Even so, heads turned in Spanish-speaking Miami last week when Garcia’s campaign released a TV ad featuring prominent Cuban dissident Guillermo Fariñas. In the spot, Fariñas stands in front of the Freedom Tower in downtown Miami and seems to endorse Garcia when he calls him a “compatriot committed to our struggle.”

But when Fariñas was later asked on the Mira TV network in Miami if he was aware he was being filmed for a campaign ad, he declined to answer.

“I don’t want to help or hurt either candidate,” he said.

Curbelo, a Miami-Dade School Board member, jumped on that ambiguity. He accused Garcia of manipulating a Cuban dissident; his campaign called the Garcia ad “irresponsible” and “unethical.”

Garcia, however, calls that charge “ridiculous and the height of hypocrisy.”

This is taking a step back in terms of the maturity that the Cuban-American community has shown in its politics. - Andy Gomez

He points out that Republicans themselves in the past have used Cuban dissidents in their campaigns – and that long before the Fariñas ad ran, Curbelo had branded Garcia as weak on communism. The reason: Garcia supports President Obama’s policy of letting Cuban-Americans visit Cuba and send relatives there money whenever they want.

Fariñas supports that policy too, which is why Garcia insists that including him in an ad was the only way to refute the Republicans’ attacks.

“For decades,” Garcia told me, “they have been using the Cuba issue in South Florida politics to win elections. So I’m responding to their accusations, and more important I’m proud of my Cuba policy and I’m honored that a dissident as respected as Fariñas would compliment my work.”

The Curbelo campaign did not respond to WLRN’s request for a rebuttal.

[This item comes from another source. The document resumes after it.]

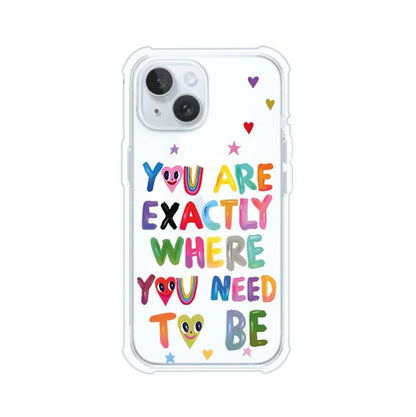 YOU'RE EXACTLY WHERE YOU NEED TO BE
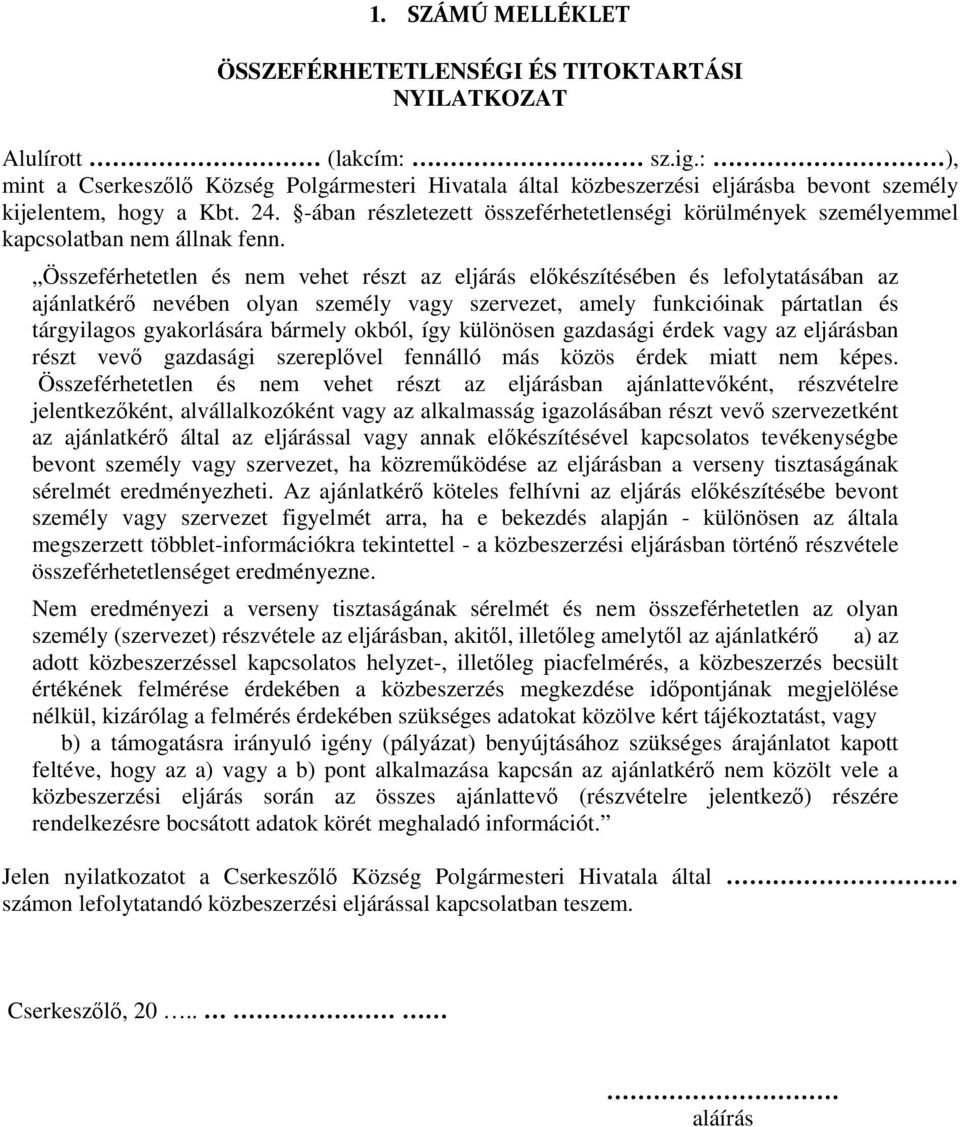 -ában részletezett összeférhetetlenségi körülmények személyemmel kapcsolatban nem állnak fenn.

But either way, the Fariñas dispute has ramped up calls for both parties to stop letting Cuba dominate South Florida politics.

And those appeals seem especially strong from Cuban-Americans themselves.

Among them: Andy Gomez, a former University of Miami provost and author of a new book, “Social Challenges Facing Cuba,” who is now a senior advisor for the Washington law and public policy firm Poblete Tamargo.

“Sure we care about Cuba,” Gomez says. “But Cuba is no longer a top priority” in these elections.

CUBAN STEREOTYPES

Gomez in fact worries that episodes like this encourage the stereotype that Cuban-Americans are emotionally obsessed with Cuba to the exclusion of other issues like the economy.

It reflects, he says, “taking a step back in terms of the maturity that the Cuban-American community has shown in terms of politics. Every once in a while we fall back into the politics of passion, and this is what we were seeing between Curbelo and Garcia.”

Gomez also notes that when dissidents like Fariñas get involved in U.S. politics, they’re more vulnerable to harassment by Cuba’s dictatorship. That’s especially true if, like Fariñas, they’ve received financial support from pro-democracy groups here – like the Cuban-American National Foundation, which Garcia used to head.

But Garcia argues, and rightly, that foreign affairs are part of a U.S. congressman’s portfolio. Bringing Cuba to the campaign mix, he insists, is legitimate.

Still, Cuban-Americans like Gomez say antiquated politics isn’t. Not the kind, anyway, that resorts to labeling rivals as Castro-friendly communists – or to pulling campaign endorsements from dissidents.

And both parties might want to remember what Fariñas told Mira TV last week:

“Yo no soy un elector en Sur Florida.”

“I’m not a South Florida voter.”

Tim Padgett is WLRN's Americas editor. You can read more of his coverage here.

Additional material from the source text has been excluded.